• _TASK ITEM_
The lines below are to be quoted exactly, from the first through the one that contains "חדר שינה לאורחים עם 2 מיטות זוגיות.".

• _ENTRIES SHOWN_
________________________________________

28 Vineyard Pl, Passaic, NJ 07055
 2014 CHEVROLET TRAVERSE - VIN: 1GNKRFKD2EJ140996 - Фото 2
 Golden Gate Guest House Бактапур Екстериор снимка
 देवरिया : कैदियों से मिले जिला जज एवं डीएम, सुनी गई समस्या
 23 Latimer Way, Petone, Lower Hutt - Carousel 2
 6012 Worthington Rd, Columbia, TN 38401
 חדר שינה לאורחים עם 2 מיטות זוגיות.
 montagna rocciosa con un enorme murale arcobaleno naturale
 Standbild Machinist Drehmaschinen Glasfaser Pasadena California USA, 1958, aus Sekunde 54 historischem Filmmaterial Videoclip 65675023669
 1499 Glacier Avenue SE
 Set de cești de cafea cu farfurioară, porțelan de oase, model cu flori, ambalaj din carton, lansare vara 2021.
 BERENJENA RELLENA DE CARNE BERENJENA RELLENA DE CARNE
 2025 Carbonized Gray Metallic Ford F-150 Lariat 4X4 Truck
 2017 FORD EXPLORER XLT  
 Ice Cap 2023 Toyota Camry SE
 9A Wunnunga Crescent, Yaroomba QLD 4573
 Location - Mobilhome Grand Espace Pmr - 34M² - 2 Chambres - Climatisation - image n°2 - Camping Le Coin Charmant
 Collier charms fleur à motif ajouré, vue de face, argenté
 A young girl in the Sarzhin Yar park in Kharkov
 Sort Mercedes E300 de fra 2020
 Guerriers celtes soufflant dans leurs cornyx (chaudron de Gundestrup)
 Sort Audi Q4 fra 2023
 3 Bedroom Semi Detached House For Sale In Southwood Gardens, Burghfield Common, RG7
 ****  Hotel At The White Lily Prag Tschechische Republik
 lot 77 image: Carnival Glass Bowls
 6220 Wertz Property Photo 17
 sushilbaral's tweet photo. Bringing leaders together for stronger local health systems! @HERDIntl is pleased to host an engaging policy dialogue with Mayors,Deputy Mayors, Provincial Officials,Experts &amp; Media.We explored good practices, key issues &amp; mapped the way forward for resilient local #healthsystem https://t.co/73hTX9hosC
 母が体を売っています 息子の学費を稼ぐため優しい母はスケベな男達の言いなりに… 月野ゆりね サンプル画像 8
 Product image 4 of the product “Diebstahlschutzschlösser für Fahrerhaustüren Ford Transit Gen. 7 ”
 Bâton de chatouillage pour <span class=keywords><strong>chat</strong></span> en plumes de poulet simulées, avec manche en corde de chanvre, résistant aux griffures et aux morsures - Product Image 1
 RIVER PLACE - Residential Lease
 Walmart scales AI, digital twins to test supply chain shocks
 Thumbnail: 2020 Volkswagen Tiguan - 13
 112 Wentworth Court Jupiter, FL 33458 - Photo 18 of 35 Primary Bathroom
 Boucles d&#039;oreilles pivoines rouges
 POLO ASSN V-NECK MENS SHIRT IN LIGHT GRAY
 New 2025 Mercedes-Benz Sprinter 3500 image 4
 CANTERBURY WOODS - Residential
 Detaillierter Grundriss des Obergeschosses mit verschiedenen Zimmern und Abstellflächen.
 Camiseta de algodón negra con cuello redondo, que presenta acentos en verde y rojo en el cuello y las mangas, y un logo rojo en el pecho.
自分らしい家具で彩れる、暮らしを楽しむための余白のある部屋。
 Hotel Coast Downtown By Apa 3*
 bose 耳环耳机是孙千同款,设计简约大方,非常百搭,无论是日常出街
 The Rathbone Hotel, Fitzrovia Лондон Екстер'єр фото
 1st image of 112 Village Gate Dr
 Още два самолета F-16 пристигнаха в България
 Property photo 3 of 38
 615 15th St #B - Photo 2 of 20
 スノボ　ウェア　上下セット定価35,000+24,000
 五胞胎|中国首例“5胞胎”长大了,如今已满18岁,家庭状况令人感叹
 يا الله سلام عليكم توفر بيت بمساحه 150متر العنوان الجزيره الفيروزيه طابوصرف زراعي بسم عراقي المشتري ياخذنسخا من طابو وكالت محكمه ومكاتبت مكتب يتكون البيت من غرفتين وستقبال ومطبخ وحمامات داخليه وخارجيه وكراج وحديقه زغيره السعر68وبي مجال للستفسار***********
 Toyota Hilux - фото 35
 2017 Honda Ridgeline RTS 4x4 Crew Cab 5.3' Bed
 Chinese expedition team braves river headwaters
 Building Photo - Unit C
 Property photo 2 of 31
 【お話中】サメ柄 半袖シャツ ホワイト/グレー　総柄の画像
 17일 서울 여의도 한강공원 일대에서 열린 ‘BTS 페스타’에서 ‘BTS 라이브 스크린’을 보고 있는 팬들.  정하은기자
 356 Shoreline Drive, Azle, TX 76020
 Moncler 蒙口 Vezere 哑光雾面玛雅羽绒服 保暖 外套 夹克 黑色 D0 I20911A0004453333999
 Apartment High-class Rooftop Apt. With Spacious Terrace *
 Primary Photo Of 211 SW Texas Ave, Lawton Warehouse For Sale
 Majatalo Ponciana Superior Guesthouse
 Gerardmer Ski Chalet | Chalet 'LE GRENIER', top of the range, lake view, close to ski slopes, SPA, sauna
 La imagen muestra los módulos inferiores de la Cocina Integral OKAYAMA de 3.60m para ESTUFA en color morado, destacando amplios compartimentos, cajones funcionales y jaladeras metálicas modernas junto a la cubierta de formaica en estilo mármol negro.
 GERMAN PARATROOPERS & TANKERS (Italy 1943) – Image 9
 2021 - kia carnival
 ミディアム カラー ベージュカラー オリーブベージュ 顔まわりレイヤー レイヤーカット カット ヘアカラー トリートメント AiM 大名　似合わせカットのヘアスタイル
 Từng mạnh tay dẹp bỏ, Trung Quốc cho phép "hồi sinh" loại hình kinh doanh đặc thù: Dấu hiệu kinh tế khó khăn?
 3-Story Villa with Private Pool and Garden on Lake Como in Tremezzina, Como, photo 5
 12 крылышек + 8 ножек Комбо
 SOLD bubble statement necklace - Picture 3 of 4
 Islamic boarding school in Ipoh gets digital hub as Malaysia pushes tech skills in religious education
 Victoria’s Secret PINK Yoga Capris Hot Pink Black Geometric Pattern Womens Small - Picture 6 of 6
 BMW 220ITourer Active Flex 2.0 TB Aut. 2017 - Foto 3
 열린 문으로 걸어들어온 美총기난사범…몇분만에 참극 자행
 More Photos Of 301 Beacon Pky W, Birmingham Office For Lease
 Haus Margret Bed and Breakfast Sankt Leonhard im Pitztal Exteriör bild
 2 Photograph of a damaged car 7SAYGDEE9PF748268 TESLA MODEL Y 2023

________________________________________

• _ANSWER TO THE PROBLEM_
28 Vineyard Pl, Passaic, NJ 07055
 2014 CHEVROLET TRAVERSE - VIN: 1GNKRFKD2EJ140996 - Фото 2
 Golden Gate Guest House Бактапур Екстериор снимка
 देवरिया : कैदियों से मिले जिला जज एवं डीएम, सुनी गई समस्या
 23 Latimer Way, Petone, Lower Hutt - Carousel 2
 6012 Worthington Rd, Columbia, TN 38401
 חדר שינה לאורחים עם 2 מיטות זוגיות.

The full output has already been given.